Is it still deception if we ask to be fooled?
    In a world increasingly defined by transparency and authenticity, it seems counterintuitive that we still flock to illusions. From the hyper-staged photos of social media to immersive art installations, we don’t just tolerate being tricked—we welcome it. But this paradox is not new. The Baroque era, with all its swirling excess, golden embellishments, and masterful trompe-l’oeil, thrived on visual deception. The question, then, is not whether Baroque art deceived its audience—but whether its audience wanted to be deceived. And if so, can we still call it deception?
Baroque art was never subtle about its intentions. It was a style born of drama and grandeur, designed to awe, seduce, and even manipulate. It bent light, played with scale, and framed its subjects with a theatrical flourish. Churches became stage sets for divine epiphanies; ceilings opened to heavens painted with impossible depth; sculptures twisted with exaggerated emotion. This wasn’t truth—it was heightened reality. And yet, the crowds were not repelled. They were captivated. Moved. Converted.
This complicity is key. Baroque art didn’t just deceive—it performed. And its audience played along. Much like in theatre, we suspend disbelief, not out of naivety but desire. We want the illusion because it reveals something emotional, something affective, that pure truth might not. The painting knows it's a trick.

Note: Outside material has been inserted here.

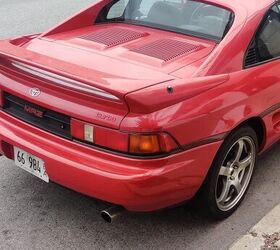 1991 toyota mr2 for sale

You know it's a trick. And still, something inside you leans forward. You don’t feel lied to—you feel seen.
Fast forward to today, and the dynamics haven’t changed much. Our digital world is full of curated realities. Filters, avatars, cinematic storytelling, AI-generated beauty—all crafted illusions that we consume daily. We know they aren’t real. We engage with them anyway. Is that deception, or a form of emotional choreography we’ve collectively agreed to? Like Baroque viewers under a frescoed dome, we aren’t being fooled against our will. We are co-conspirators in the illusion.
But maybe the question isn’t whether we’re being fooled—it’s why we want to be. Illusion offers shelter. It allows complexity to be shaped into beauty, chaos into composition. Deception, in the artistic sense, becomes not a lie, but a lens. A filter for the soul.

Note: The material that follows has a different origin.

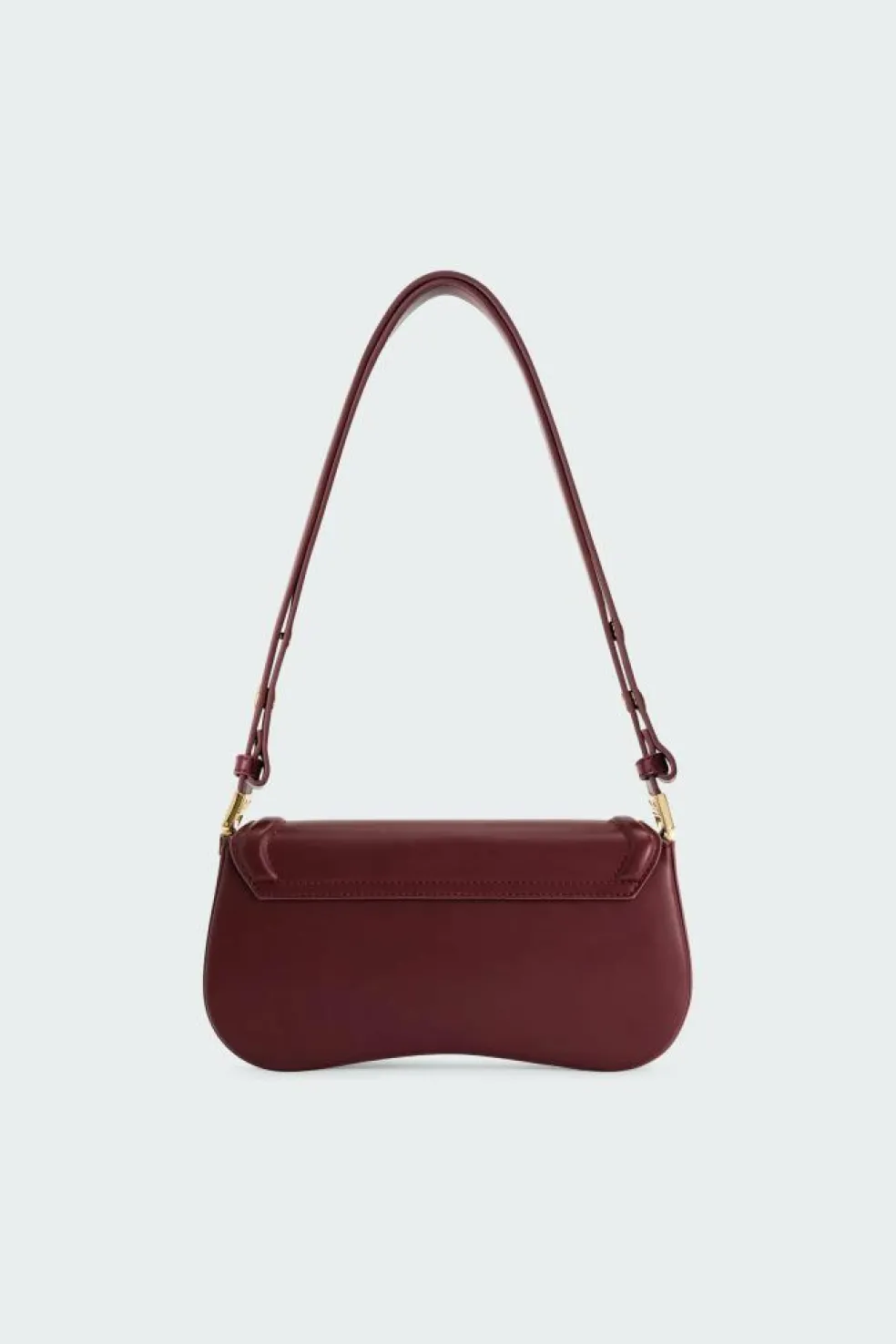 JOY - Sac porté épaule | Rouge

So: is it still deception if we ask to be fooled? Perhaps not. Perhaps it's something else entirely—a pact. An aesthetic agreement between creator and viewer: I will build the illusion, and you will meet me halfway. Not to obscure the truth, but to feel it more deeply.
In that sense, Baroque art may not be a relic of past excess, but a blueprint for modern spectatorship. It reminds us that not all truths are told plainly—and not all lies are meant to mislead. Sometimes, the most honest thing we can do is to embrace the beautiful fiction.